ABOUT THIS TASK:
Please copy every record below exactly and leave out the pictures.

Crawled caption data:

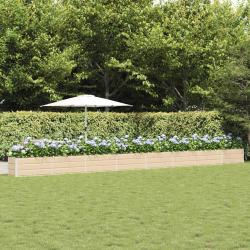 Jardini&egrave;re Ivoire 770 x 50 x 45 cm Acier galvanis&eacute;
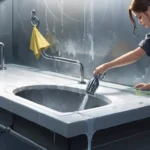 cleaning a public sink dream meaning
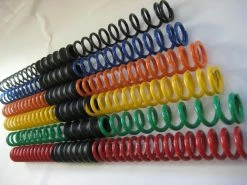 Spring 2012 40 Forx Steel 40 Lb/in 68-82 Kg Blue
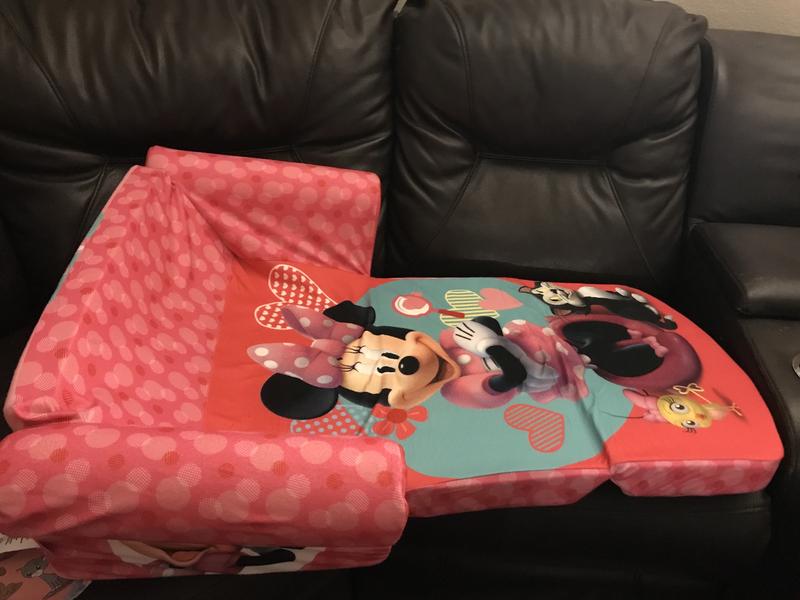 Minnie mouse 2 discount in 1 sofa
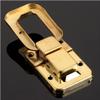 DUUDAH Antique Retro Hook Lock Clasp, 1 Piece, Antique Gold, 48 x 32 mm view 4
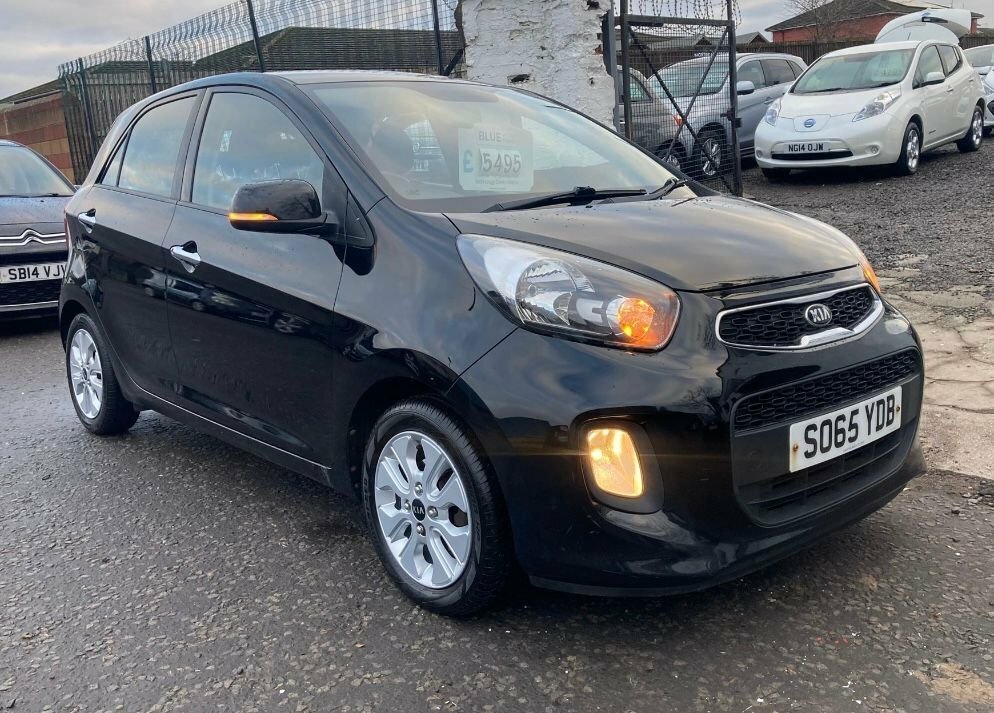 Kia Picanto Picanto Hatchback Special Edition Black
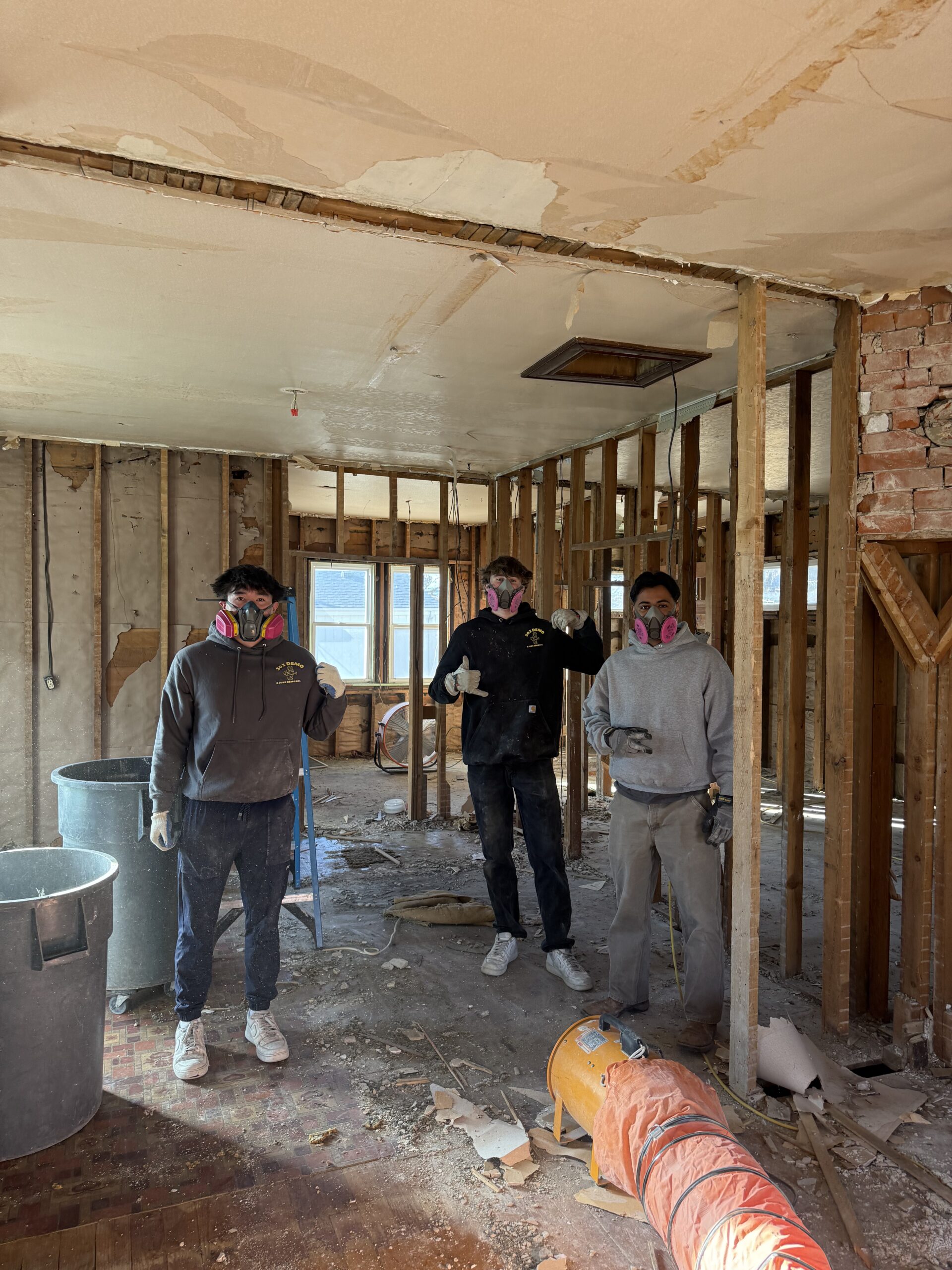 basement cleanout in boulder co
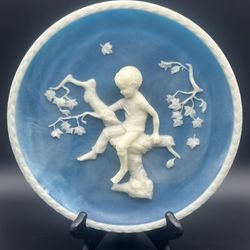 “Melissa Brother” Plate By Avondale By Frances Williams 1980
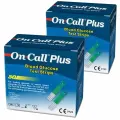 Тест-полоски Он Колл Плюс №50 (On Call Plus) - 2 упаковки по 50 шт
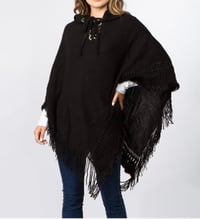 Image 2 of Hooded poncho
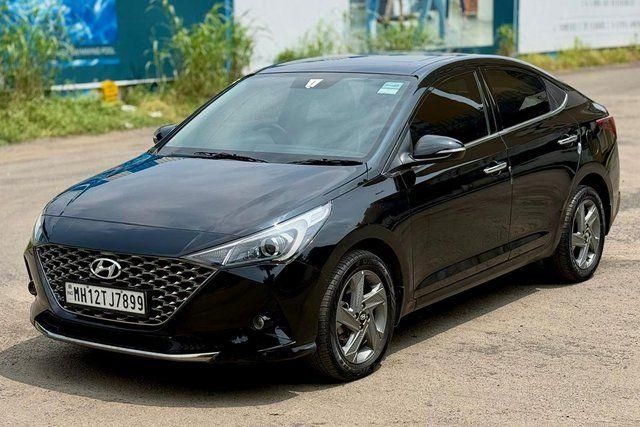 Hyundai Verna SX AT Diesel Second-hand 2021 Hyundai Verna SX AT Diesel for sale in Pune
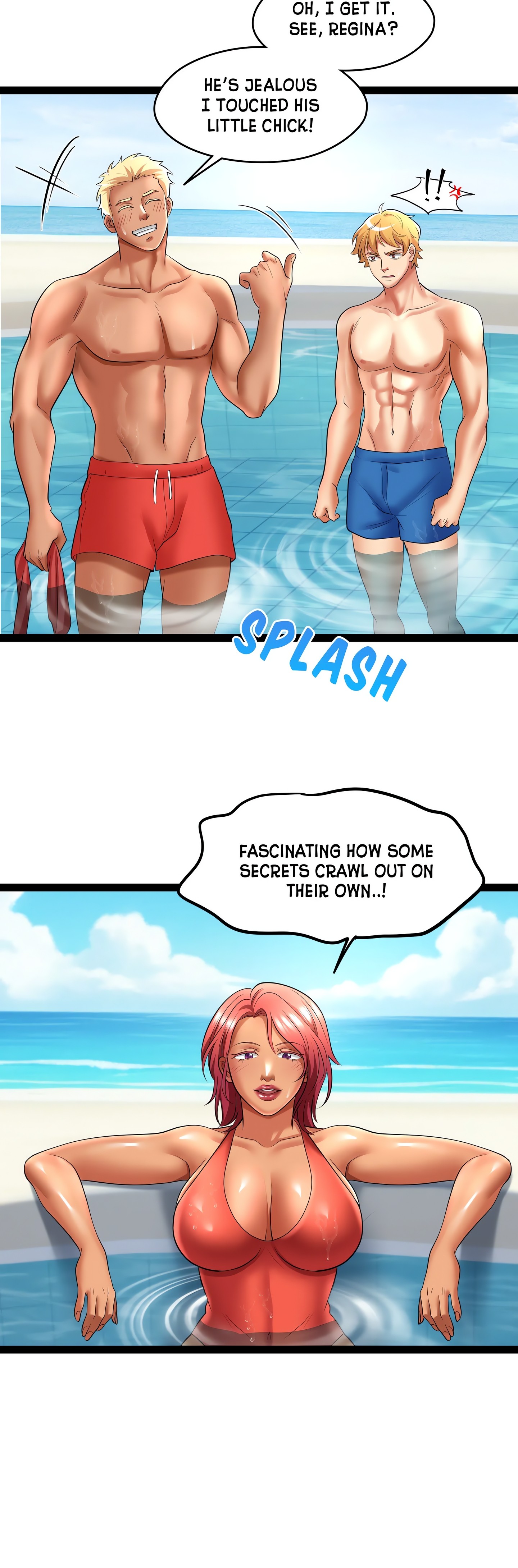 Spring Break With Stepsister (Uncensored) Chap Chapter 12 - Episode 12-Spring Break With Stepsister (Uncensored) - Next Chap 14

SOLUTION TO THIS PROBLEM:
 Jardini&egrave;re Ivoire 770 x 50 x 45 cm Acier galvanis&eacute;
 cleaning a public sink dream meaning
 Spring 2012 40 Forx Steel 40 Lb/in 68-82 Kg Blue
 Minnie mouse 2 discount in 1 sofa
 DUUDAH Antique Retro Hook Lock Clasp, 1 Piece, Antique Gold, 48 x 32 mm view 4
 Kia Picanto Picanto Hatchback Special Edition Black
 basement cleanout in boulder co
 “Melissa Brother” Plate By Avondale By Frances Williams 1980
 Тест-полоски Он Колл Плюс №50 (On Call Plus) - 2 упаковки по 50 шт
 Image 2 of Hooded poncho
 Hyundai Verna SX AT Diesel Second-hand 2021 Hyundai Verna SX AT Diesel for sale in Pune
 Spring Break With Stepsister (Uncensored) Chap Chapter 12 - Episode 12-Spring Break With Stepsister (Uncensored) - Next Chap 14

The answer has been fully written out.